Italy's leading daily, the Corriere della Sera, said on Sunday the ECB's intervention had acted like morphine, "a sweet opiate which has deluded us into thinking our illness has been miraculously cured."

SCANDAL

A Greek-style financial emergency in the euro zone's third largest economy would have unknown but undoubtedly disastrous consequences for Europe and the global economy but decisive action has been impossible in Rome's feverish political climate.

At the Ambrosetti forum, Italian industry's annual showcase gathering at Cernobbio on the shores of Lake Como at the weekend, the mood among business leaders was bleak.

As if to complete a picture of frivolous distraction, Berlusconi has been dragged into a new prostitution scandal, this time involving allegations that he paid more than half a million euros in hush money to a would-be extortionist.

Both he and Giampaolo Tarantini, the businessman at the center of the allegations, deny there were any illicit payments.
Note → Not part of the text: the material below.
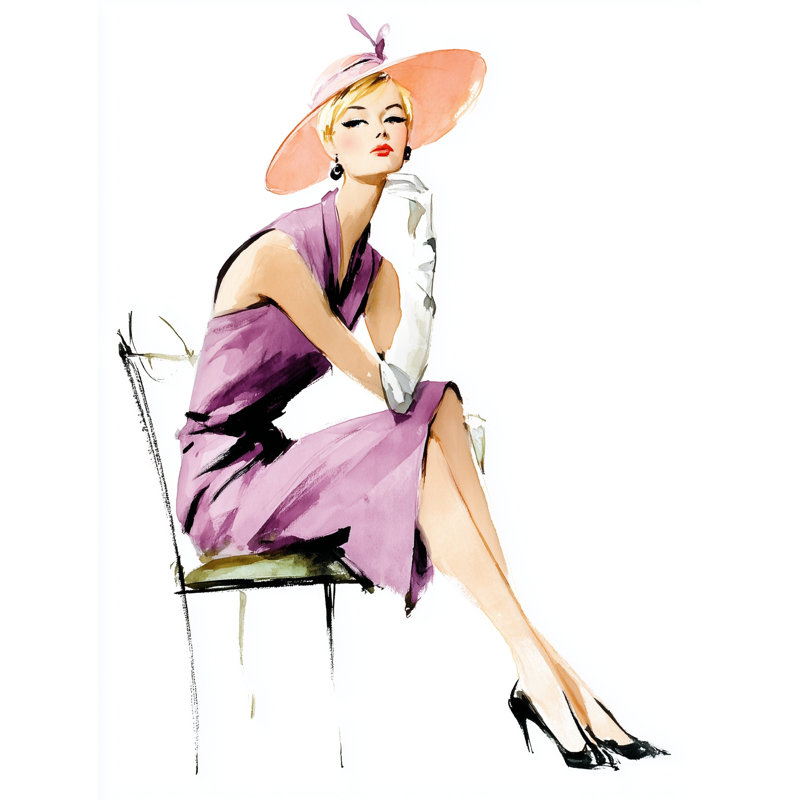 Lavande, chapeau, art mural sur toile tendue Grace, H 24 po x l 16 po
Tarantini told investigators the billionaire premier had helped him out when he was in financial difficulty.

However the affair has added to doubts about the government's discipline and focus.
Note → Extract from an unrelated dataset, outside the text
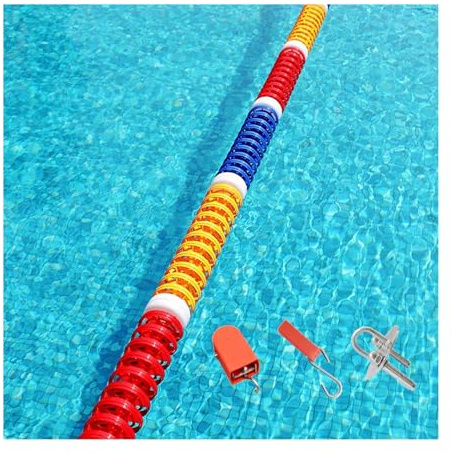 CQCCQ Fune Galleggiante Personalizzabile da 1 a 18 Metri, Boa di Segnalazione for Piscina con Ganci, Corda divisoria di Sicurezza for Il Nuoto for Spiaggia, Parco Acquatico(Nylon Rope,6 Meter)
Berlusconi's government has long boasted of keeping Italy out of the financial crisis, despite having one of the world's highest public debt levels at 120 percent of gross domestic product and one of its most sluggish growth rates.

Groups as varied as Confindustria and the hardline CGIL union have all condemned the chaos and the center-left opposition has repeated its regular calls for the prime minister to resign and make way for a new government.

Berlusconi has lashed out, accusing the opposition of being anti-Italian "criminals" and repeating his regular attacks on what he says are politically motivated magistrates out to destroy him.

In one of the wiretaps revealed following the arrest of Tarantini on extortion charges last week, the premier added to his long list of memorable sayings, describing Italy a "shitty country" and saying he planned to leave within a few months.

How seriously such a remark should be taken is unclear. It is a commonly heard expression in Italy and was taken from a private telephone conversation in July.

But it has added to a feeling that Berlusconi has become more and more detached and increased speculation that the government may not survive until the next election in 2013.

For the moment, he has a safe parliamentary majority but tensions with the Northern League or even a final breakdown with Tremonti could easily trigger a government crisis

"It's going to be very hard for them to go on like this," Ricolfi said.